UK unemployment showed signs of cooling off in June as the ILO measure of unemployment rose by 25,000 to 1.85 million in the three months to June. The unemployment rate stayed unchanged at 5.6%. Total employment fell by 63,000 over the quarter to 31.03 million, but was still higher than a year ago by 354,000 and the employment rate fell slightly to 73.4%.

An unexpected drop in the number of people claiming unemployment benefits, which is one month ahead of the ILO measure, could be an indication that the rise in the number of people unemployed in May and June is a temporary blip. The claimant count fell by 4,900 in July, against expectations that it would rise by 1,000. The claimant count rate remained unchanged at 2.3% in July.

Average earnings, excluding bonuses, showed signs of stabilizing after picking up from 1.6% at the start of the year to 2.8% in May. The rate held steady in June, in-line with forecasts. Total earnings, including bonuses, came in below estimates as it fell to 2.4% in June, against expectations that it would fall to 2.8% from May’s 5-year high of 3.2%.

The slowdown in the jobs growth and the soft average earnings figures take the pressure off from the Bank of England to rush ahead with an interest rate increase this year and to wait until the first or second quarter of 2016 before making a move. The Bank of England has been concerned that the tightening labor market and a pick-up in pay growth could soon feed through in higher prices in the high street as businesses pass on higher labor costs to the consumer.

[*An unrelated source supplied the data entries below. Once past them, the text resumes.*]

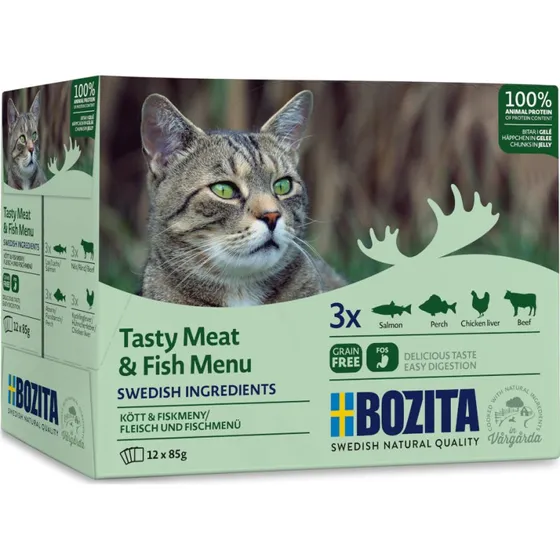 Bozita Pakiet mieszany w galarecie, 12 x 85 g, menu rybno-mięsne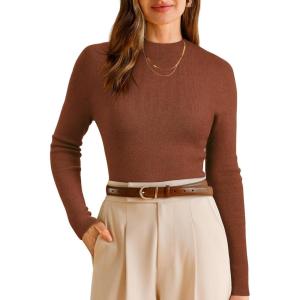 imageArachampCloz Womens Wool Blend Fall Seamless Rip Resistant Warm Layered Tops Business Casual SweatersAcaramel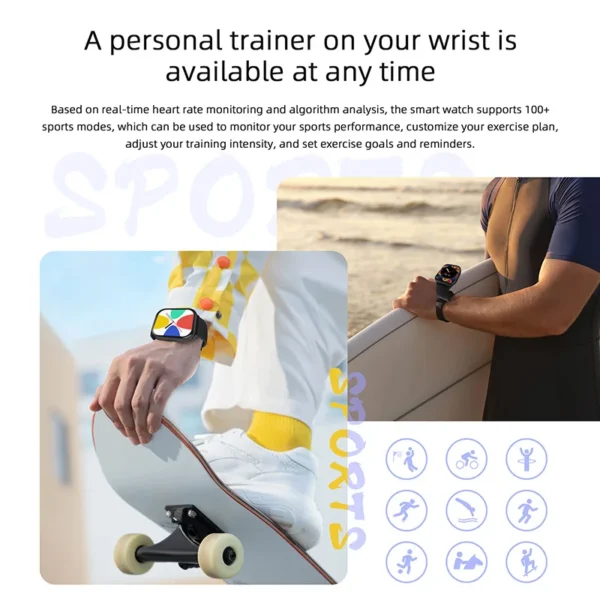 2024 New For Xiaomi Smart Watch Men Women Bluetooth Call Heart Rate Blood Oxygen Voice Assistant 100+Sports Man Smartwatch+Box - Image 4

But with little inflationary pressures elsewhere, and commodity prices showing no sign of reversing their downtrend anytime soon, the Bank of England has a tough balancing job of not choking off the slowest economic recovery the UK has seen from coming out of recession. Weak global demand and the stronger pound also weigh on inflation and the Bank of England, which recently lowered its inflation forecasts for 2015 and 2016, is likely to wait until inflation has started to rise closer to its 2% target before hiking interest rates. This puts it in a similar position as the US Federal Reserve, which has put the emphasis on data dependency to assess the strength of the economy and price pressures.

The pound dropped against major currencies after the data came out but managed to reverse half of its losses. The euro jumped to 0.7170 against the pound before easing to 0.7149 by mid-European session. Sterling also fell against the yen, touching a low of 193.42 before bouncing back to 193.90. Cable saw similar moves as it dropped to 1.5535 but later recovered to 1.5570.